O lógico seria supor que se repetiria o que ocorre no basquete, depois que os Estados Unidos passaram a utilizar, nas Olimpíadas, o
pessoal da NBA, ou seja, os totalmente profissionais, já que os outros (os universitários) são apenas
"meio" profissionais, se é que
existe tal coisa.
As razões para cair nessa tentação são tanto de natureza estrutural (ou seja, explicam o destaque
dos meninos e meninas dos EUA
em vários esportes) como de cunho específico (as vantagens que
o futebol norte-americano passaria a ter, se fosse um esporte realmente de massa).
Razões estruturais:
1 - Uma baita população, o que
fornece um vastíssimo campo para caçar talentos.
2 - Além disso, uma população
que come bem, vive bem, tem boa
saúde e boa educação, outro fator
que induz à formação de bons esportistas. É claro que estou me referindo ao americano médio, uma
miragem, porque o lote de pobres
por lá é também suculento, e a desigualdade só fez crescer nos últimos anos.
3 - Um público com tempo e dinheiro para comprar ingressos
para tudo, de torneios de bolinha
de gude aos campeonatos de futebol.
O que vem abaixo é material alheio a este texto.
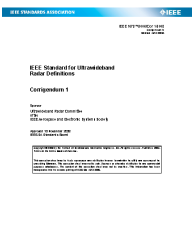 IEEE 1672-2006/Cor 1:2008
Dinheiro e predisposição para fazê-lo.
4 - Abundância de instalações
esportivas, de clubes, comunidades e escolas.
No caso específico do futebol, os
norte-americanos ainda levariam
uma vantagem adicional: sua população afro-americana é grande,
como já é respeitável (e crescente)
a população de origem latina.
Como se sabe, negros e latinos
fornecem a esmagadora maioria
dos grandes talentos do futebol.
Não é por acaso que os dois maiores ícones do futebol, até agora,
são Pelé, um negro, e Maradona,
um latino.
Tampouco é por acaso que países de sangue latino tenham vencido 11 das 15 Copas já disputadas
(4 para o Brasil, duas cada para
Argentina e Uruguai e 3 para a
Itália). Não estou nem incluindo a
França, que, embora formalmente também seja latina, tem (ou pelo menos tinha) menos jogo de
cintura que os latinos mais latinos.
Toda essa antropo-sociologia
de botequim induz, portanto, a
crer que, se o futebol passasse a
ser "football", em vez de "soccer",
nos Estados Unidos, não sobraria
copa para os outros.
O problema é que lógica e futebol são, felizmente, inimigos
mortais.
Para continuar na trilha da antropo-sociologia de botequim: os
Estados Unidos, com todas as
vantagens que apresentam para
ter hegemonia em qualquer esporte, são bons mesmo é nos esportes individuais, o que é coerente com o individualismo exacerbado que predomina na alma
norte-americana.
Exceto no basquete, no qual de
fato dominam, em outros esportes coletivos podem até estar nos
primeiros postos, mas não são hegemônicos (vôlei, futebol, pólo
aquático, handebol, polo etc). A
outra exceção é o beisebol, mas
trata-se de um esporte restrito a
poucos países. Não tem nem remotamente a difusão de, por
exemplo, futebol ou vôlei.
Nesses esportes, não chegam
perto do brilho que os caracteriza,
por exemplo, em natação, atletismo e no tênis, nos quais vale o talento individual.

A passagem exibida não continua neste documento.